Accelerating Graph Machine Learning using Auto-tuned Sparse Primitives for GPU
Background
Sparse-dense matrix multiplication (SpMM) is a fundamental operation that underlies a wide range of scientific, machine learning, and graph-processing workloads. Its performance becomes especially critical as datasets grow larger and applications demand real-time or near–real-time computation. While existing SpMM libraries provide strong performance on CPUs, they generally lack robust support for GPU execution, particularly in areas such as auto-tuning and specialized sparse kernel optimization. This gap limits the ability of developers and researchers to fully exploit modern GPU architectures for high-throughput sparse computation.
Methodology
To address this limitation, we extended a generic SpMM library with a GPU-compatible auto-tuner designed to optimize sparse-dense kernel performance on contemporary GPU hardware. Our methodology involved adapting the library’s kernel-selection mechanisms to operate efficiently on GPUs, implementing GPU-specific tuning strategies, and ensuring compatibility with CUDA-based execution paths. The auto-tuner systematically benchmarks alternative kernel configurations—including thread-block layouts, memory-access patterns, and sparsity-aware execution modes—and selects the optimal configuration for a given input matrix. Throughout this process, we prioritized generality so the tuner could accommodate a wide range of sparsity patterns and workload characteristics.
Findings
The resulting GPU-enabled auto-tuner successfully expanded the library’s capabilities, allowing its sparse-dense kernels to run efficiently on modern GPU architectures.
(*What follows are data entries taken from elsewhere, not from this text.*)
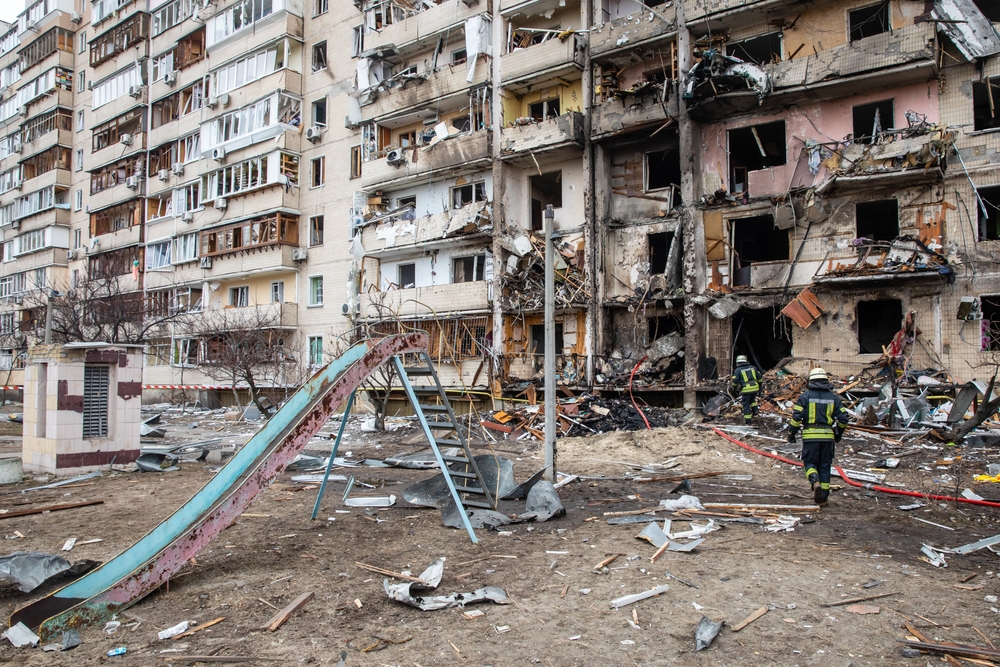 Kyiv, Ucraina. Un palazzo residenziale colpito dall'esercito russo © Drop of Light/Shutterstock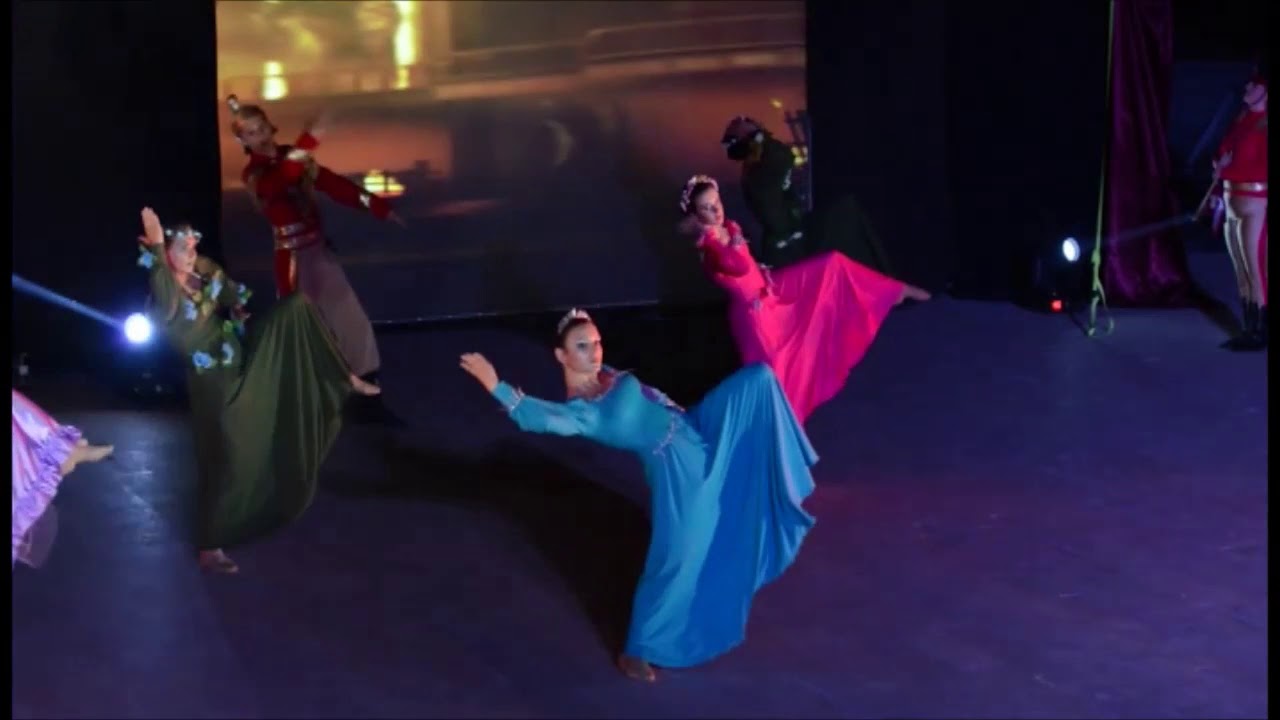 Carol of the Bells-International Dance Academy- Francesca Colomba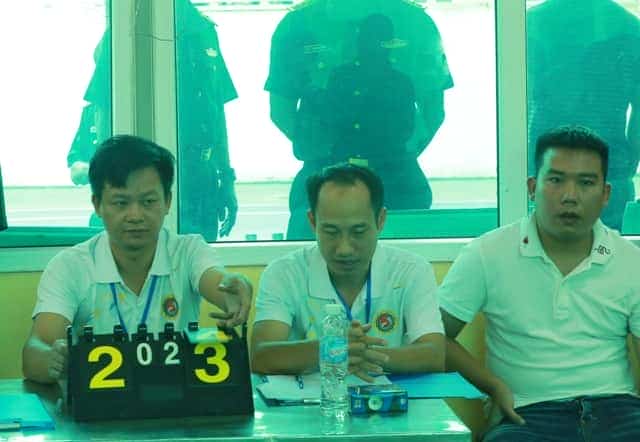 <span>Các trọng tài luôn chấm điểm chính xác, vô tư, công bằng.</span>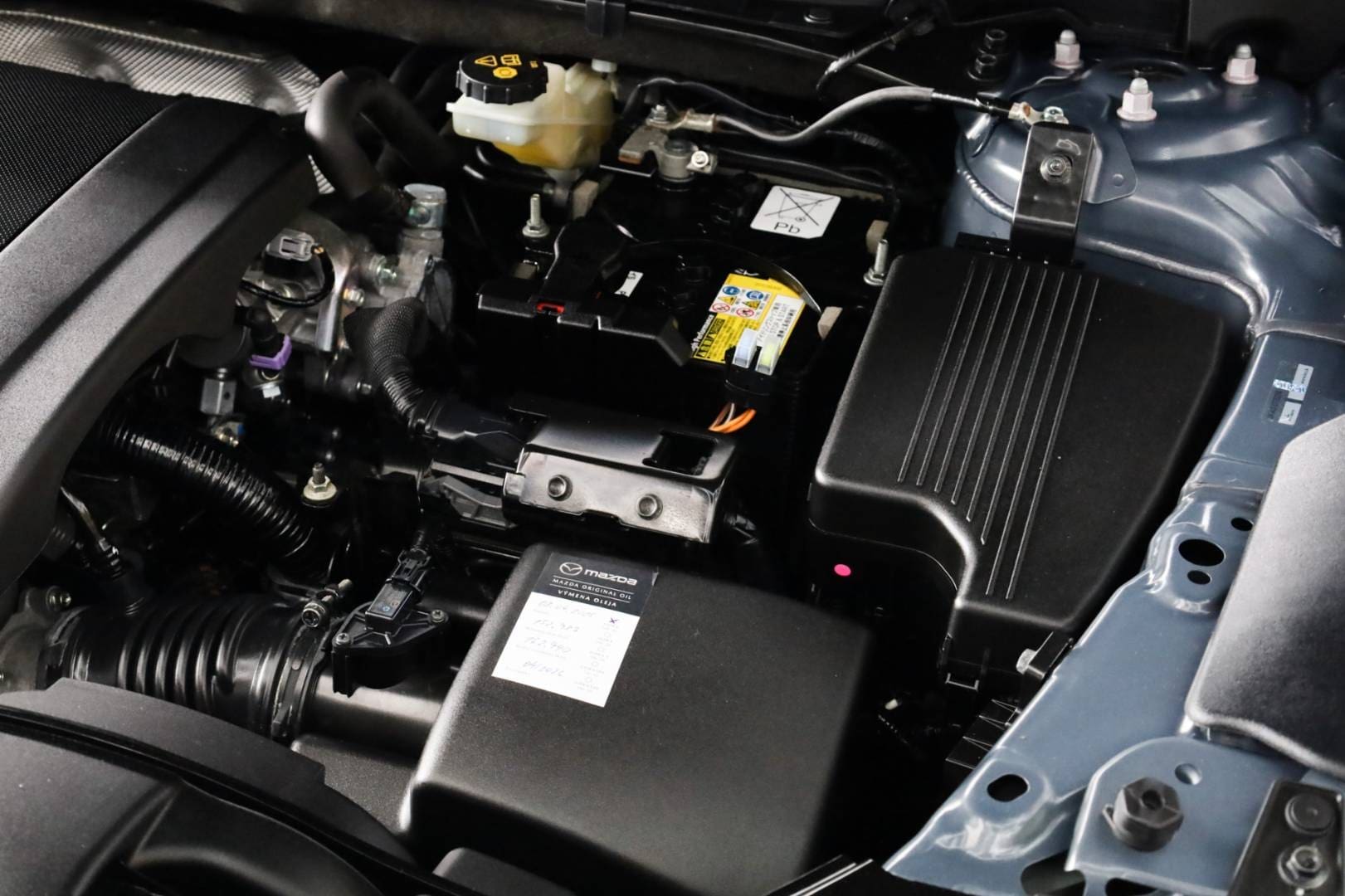Mazda-CX-5-20-Skyactiv-G165-Homura-52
While this work represents an initial step rather than a complete overhaul of GPU-based sparse optimization, it establishes the essential infrastructure needed to explore more advanced GPU-specific techniques. By enabling auto-tuning on GPUs, the project opens a pathway for future performance improvements and broader adoption of GPU resources in applications that depend on fast and scalable SpMM operations.